Nel XIII sec. la crisi morale ed economica dei centri monastici aveva compromesso la loro azione di trasformazione territoriale, che tuttavia non rallenta grazie al fermento della società del duecento che sa favorire mercanti, artigiani ed embrioni di un settore imprenditoriale privato. Il commercio nei borghi rurali di quest’epoca avviene soprattutto con la frequente organizzazione di fiere attorno a monasteri e chiese. Dobbiamo supporre che sia in questo periodo che il mercato di Rovato inizia a dimostrare la sua importanza, nonostante non sia sede di pieve o di monastero, incamminando il nostro paese verso una rilevanza ancora non affermata. Lo si può dedurre dal fatto che nel 1295 sembra già costituita una forma di Comune (almeno embrionale) degli homines di Rovato, e già nel 1334 la diaconia di S. Stefano è certamente autonoma nella cura sacerdotale rispetto alla pieve di Coccaglio. Rovato si affermerà definitivamente sul territorio circostante durante il dominio di Bernabò Visconti (1354-1385) divenendo sede di una fortezza da lui eretta.

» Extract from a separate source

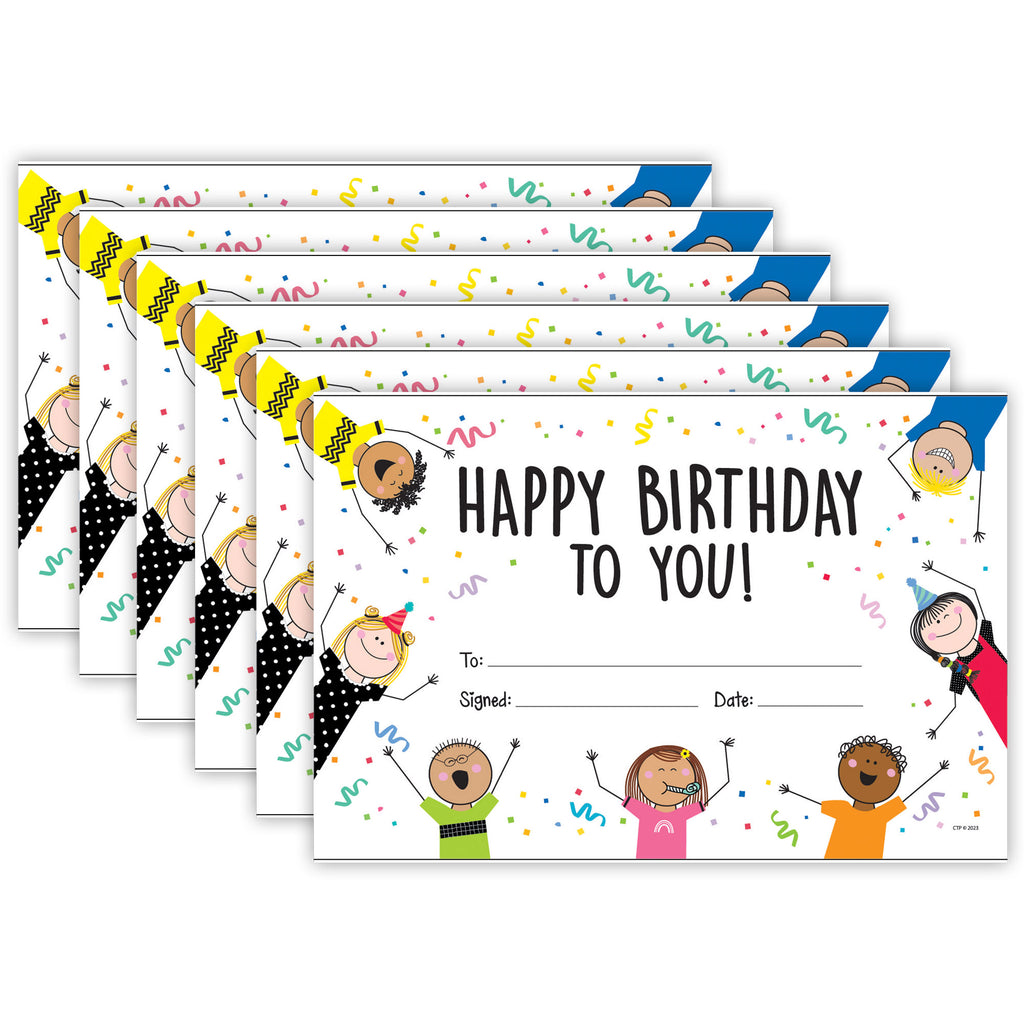 Stick Kids Happy Birthday Awards, 30 Per Pack, 6 Packs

Tutte queste componenti, unite al boom demografico, contribuiscono a dissodamento, bonifica e sfruttamento di terre fino a quel momento ignorate, inclusa la brulla ed incolta campagna a sud del monte Orfano. Le comunità rurali si appropriano di selve e terre incolte appartenute ai cenobi, acquisendole o molto spesso usurpandole. I beni vengono poi suddivisi tra i membri della vicinia e in parte gestiti in beni comuni ad usi civici. Le colture appena strappate alla terra selvaggia, vengono migliorate e si iniziano le vaste opere di canalizzazione. Prima fra tutte la seriola Vetra di Chiari, poi è la volta della Fusia, scavata nel terribile periodo della Morte Nera che flagella tutto il continente.

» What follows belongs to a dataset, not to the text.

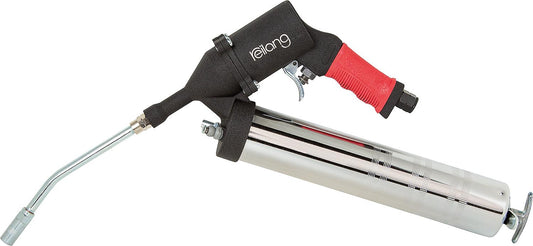 Pneumatic grease gun with nozzle tube and gripping coupling for 400g grease cartridges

In quest’ultimo sussulto di Medioevo, tra la metà del ‘300 e la metà del ‘400, si manifesta un nuovo fenomeno: quello dei poderosi investimenti delle famiglie feudali e cittadine, oltre alle nascenti famiglie borghesi. Spinte dalla ripresa economica dopo la pestilenza, operano un imponente campagna di trasformazione del territorio tra canalizzazioni (la seriola Trenzana nel 1380 ad esempio); costruzione di mulini, magli, folli; messa a coltura di grandi appezzamenti a vigneto; espansione dei pascoli per favorire l’industria laniera.

Nella campagna di Rovato queste famiglie si insediano ricevendo in investitura appezzamenti di terre definitivamente strappate alla natura solo nel ‘400. È l’epoca in cui le case in legno con tetti di paglia vengono lentamente soppiantate da quelle in pietra. Prima nel centro, e poi nella campagna. Interessante, e ancora da indagare, è l’arrivo di famiglie che probabilmente da queste possessioni operano anche attività speculative. Vi troviamo anche i Marinoni (detti originariamente da Cerete dall’omonimo borgo bergamasco), vassalli del Malatesta che ci hanno lasciato un interessante contratto agrario del 1497 sulle possessioni della Ceresa o del Pero (in frazione S. Giorgio). Il contratto mette in luce una nuova forma di conduzione che si attesta in questi anni: la colonia parziaria. Questa farà da base alla nascita della “famiglia patriarcale” come l’hanno conosciuta i nostri nonni, oltre stimolare l’organizzazione della campagna come la conosciamo: il podere cascinale al centro del territorio coltivato dai suoi coloni.